Em meio à reunião, foram evidenciados números expressivos da proposta de modernização. O projeto completo da BR-163 no trecho de Mato Grosso e da BR-230 no Pará abrange 1.009 quilômetros de extensão. Nesse cenário, estão previstos R$ 10,4 bilhões em investimentos (CAPEX) e R$ 4,7 bilhões em custos operacionais (OPEX).

Diante da complexidade do processo de modernização da rodovia, autoridades preveem que as obras possam garantir 36 mil empregos diretos e indiretos.

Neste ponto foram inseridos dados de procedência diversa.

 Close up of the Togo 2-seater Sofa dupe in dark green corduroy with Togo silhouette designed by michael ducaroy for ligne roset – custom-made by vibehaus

No entanto, é válido ressaltar que o prazo para a execução dos serviços está previsto para 9 anos. O tempo pode parecer extenso, mas é justificado pelo trabalho a ser executado.
Em resumo, as intervenções darão conta da duplicação de aproximadamente 246 quilômetros da rodovia e da implantação de 393 quilômetros de novas vias e faixas adicionais. Há ainda adequações em 18 interseções e acessos, garantindo a implantação de 40 retornos e rotatórias, 14 passagens de fauna, 9 interseções (do tipo trombeta ou diamante), 6 passarelas para pedestres e 20 pontos de ônibus.

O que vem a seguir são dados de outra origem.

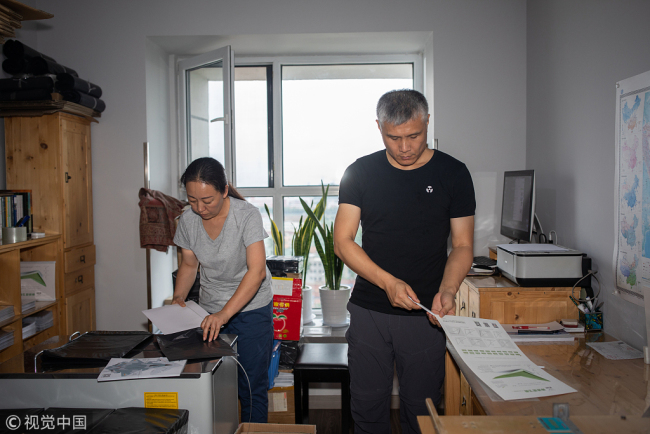 Liu Dong and his wife are busy in packing paper planes. [Photo/VCG]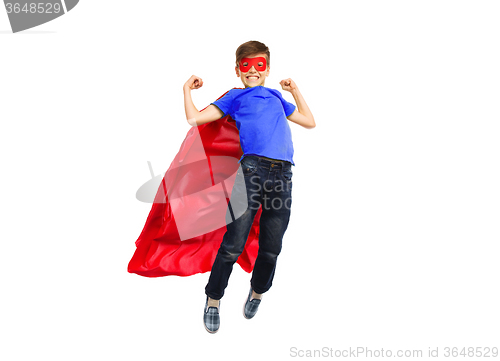 Image of boy in red super hero cape and mask flying on air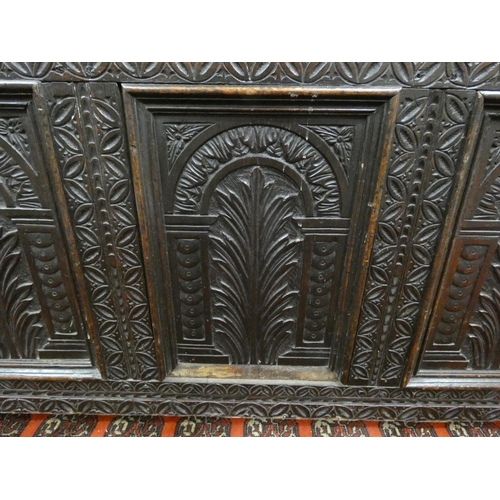 345 - 18th century carved oak coffer of large proportions with hinged top above three panels bearing allov...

“Isso foi negociado no âmbito do TCU e agora será levado a um processo competitivo. Estão previstos investimentos significativos que vão trazer benefícios diretos para a região, com mais segurança, empregos e desenvolvimento econômico”, explicou o superintendente substituto de Concessão da Infraestrutura da ANTT, Stéphane Quebaud.
Projeções para a rodovia
Embora o projeto ainda esteja em avaliação de audiência pública, posteriormente será levado a leilão e aberto à concorrência de outras concessionárias interessadas. Conforme o diretor de Novos Negócios da holding que administra a atual concessionária (Via Brasil), Marcos Borghi, todo o protocolo adotado garante mais transparência e investimentos à rodovia.

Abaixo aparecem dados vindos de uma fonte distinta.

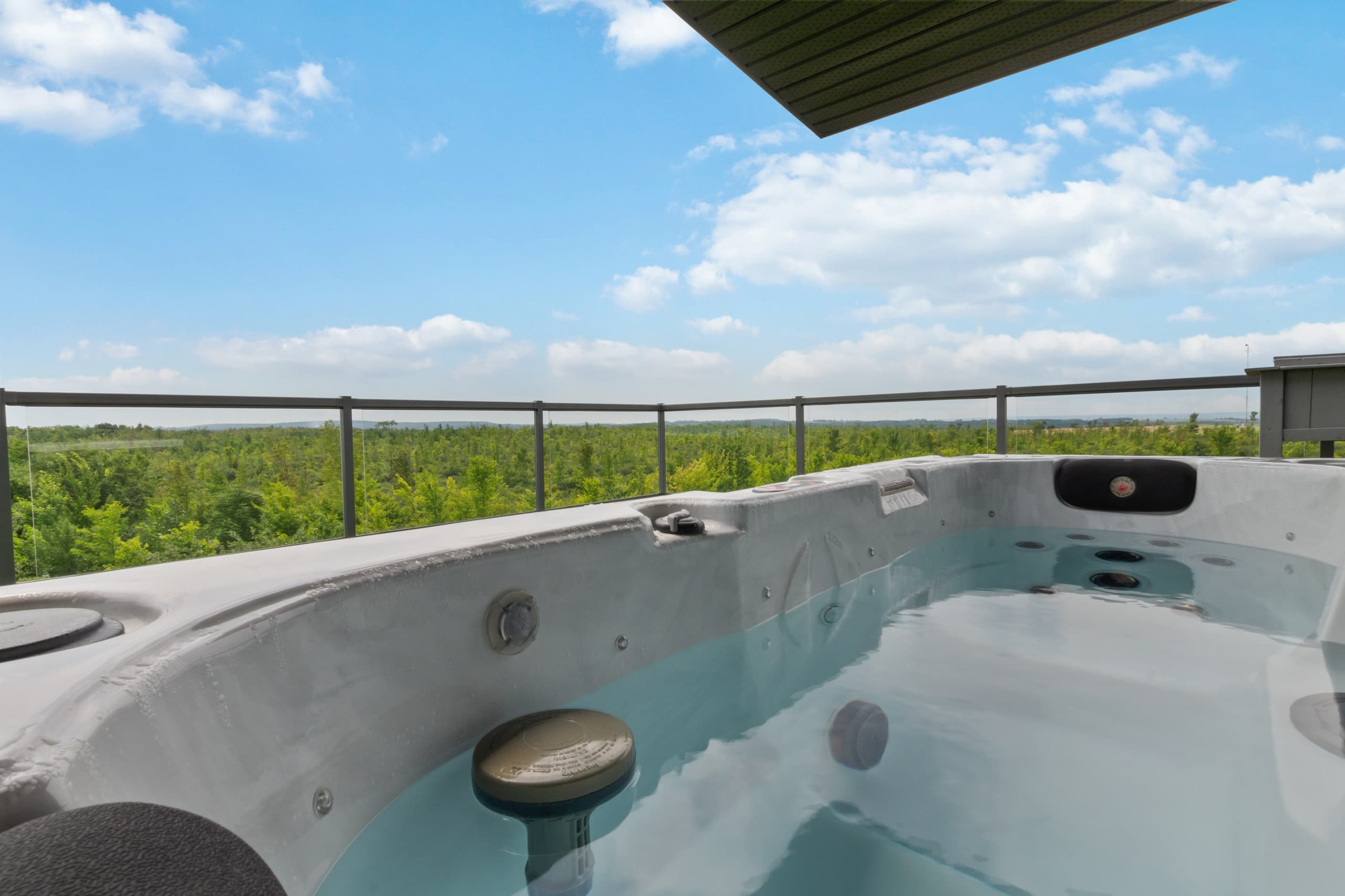 Close view of the rooftop hot tub filled and steaming under an open sky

“É um processo competitivo estruturado para dar mais transparência. A gente pretende participar. Esperamos apresentar a proposta mais competitiva. Esse é um trecho com crescimento expressivo de tráfego, cerca de 40%, o que exige ampliação da concessão e investimentos, incluindo a duplicação, que é fundamental para a logística”, pontuou.